What is the difference between [start/2 + mid/2] and [(start + mid)/2] in binary search?

H

4

7

In the binary search algorithm, we set the mid as:

mid = (start + end)/2 which is same as

mid = start/2 + end/2 and also equal to

mid = start + (end - start)/2

but all of the three give different results being the same arithmetic expression. How do these vary during the computation process?

This was the code to find the last occurrence of an element in a vector array using binary search:

int lastOccurrence(vector<int> arr, int size, int key){
    int start = 0, end = size - 1;
    int last = -1;
    // int mid = start/2 + end/2;
    int mid;
    while(start <= end){
        // mid = start + (end - start)/2;
        mid = (start + end)/2;
        if(key == arr[mid]){
            last = mid;
            start = mid + 1;
        }
        else if(key > arr[mid]){
            start = mid + 1;
        }
        else{
            end = mid - 1;
        }
        cout << "start: " << start << "\tend: " << end << "\tmid: " << mid << endl;
    }
    return last;
}

The values being passed to the function are:

int main(){
    vector<int> arr = {1,2,3,4,4,4,4,5,6,7,11};
    int size = arr.size();
    int key = 4;
    cout << "First occurrence of " << key << " is at index " << firstOccurrence(arr, size, key) << endl;

    cout << "Last occurrence of " << key << " is at index " << lastOccurrence(arr, size, key) << endl;

    return 0;
}

If the mid element equals the required "key" element then the mid index is stored in a variable and start is updated to mid + 1 so that it can search the right part of the array for any other occurrence of the "key". If the "key" is found to be less than the mid element it implies that the element is not present beyond the mid element and the end is updated to mid - 1 to search in the left part of the array, and similarly to search the right part if "key" is found to be greater than the mid element.

It gave different results when mid = start/2 + end/2 was used and mid = (start + end)/2 was used. How is this affected during the computation process?

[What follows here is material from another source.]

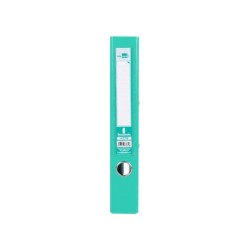 Archivador de palanca liderpapel a4 documenta forrado pvc con rado lomo 52 mm verde claro compresor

Hebe answered 10/7, 2023 at 11:25 Comment(6)

What is the input to the function? Have you tried to step through the code in a debugger while monitoring variables and their values, to see what really happens? And you do remember that an absolute requirement for binary search to work is that the data you search through is ordered? – Nailbrush 10/7, 2023 at 11:30

Not going to re-calculate each of these, but it boils down to your values being integers. Integer division will cut off any decimal places. – Commutate 10/7, 2023 at 11:31

(1+3)/2 is not the same as 1/2+3/2. – Tapdance 10/7, 2023 at 11:31

mid = start + (end - start)/2 is the same as 2*mid = 2*start + (end - start) is the same as 2*mid = 2*start + end - start is the same as 2*mid = start + end is the same as mid = (start + end)/2. Please show your values. (this all assuming start+end doesn't overflow) – Contretemps 10/7, 2023 at 11:32

they are not mathematically equivalent – Hinshaw 10/7, 2023 at 11:36

Each operation you describe involves operands of type int, so the result is an int. So start/2 rounds towards zero (e.g. 3/2 gives 1, not 1.5), as does end/2. As an example, 1/2 + 3/2 computes 1/2 and 3/2 separately, producing 0 and 1 respectively, and their sum is 1. Whereas (1+3)/2 computes 1+3 first, giving 4, and divides that by 2, producing 2. – Astri 10/7, 2023 at 11:39

S

4

You need to consider that integer arithmetic cuts off any fractional parts, hence depending on the last bit of start and stop you get different results.

Suppose they are

 start = M*2 + a;
 end = N*2 + b;

Where M and N are integers and a and b are either 1 or 0, then you get

mid_0 = (start + end)/2 = M+N + (a+b) / 2
mid_1 = start/2 + end/2 = M+N
mid = start + (end - start)/2 = M*2 + a + (N-M) + (b-a)/2 = M+N + a + (b-a)/2

Only the second expression does not depend on whether start or end are even or odd. I didn't actually bother to work out (via a 2x2 table) whether a + (b-a)/2 yields the same result as (a+b)/2. However, when dealing with integer arithmetic you better do not rely on intuition, because it's too easy to be off by one (or more). Moreover, I did not yet consider integer overflow. When start+end overflows then (start/2) + (end/2) does not.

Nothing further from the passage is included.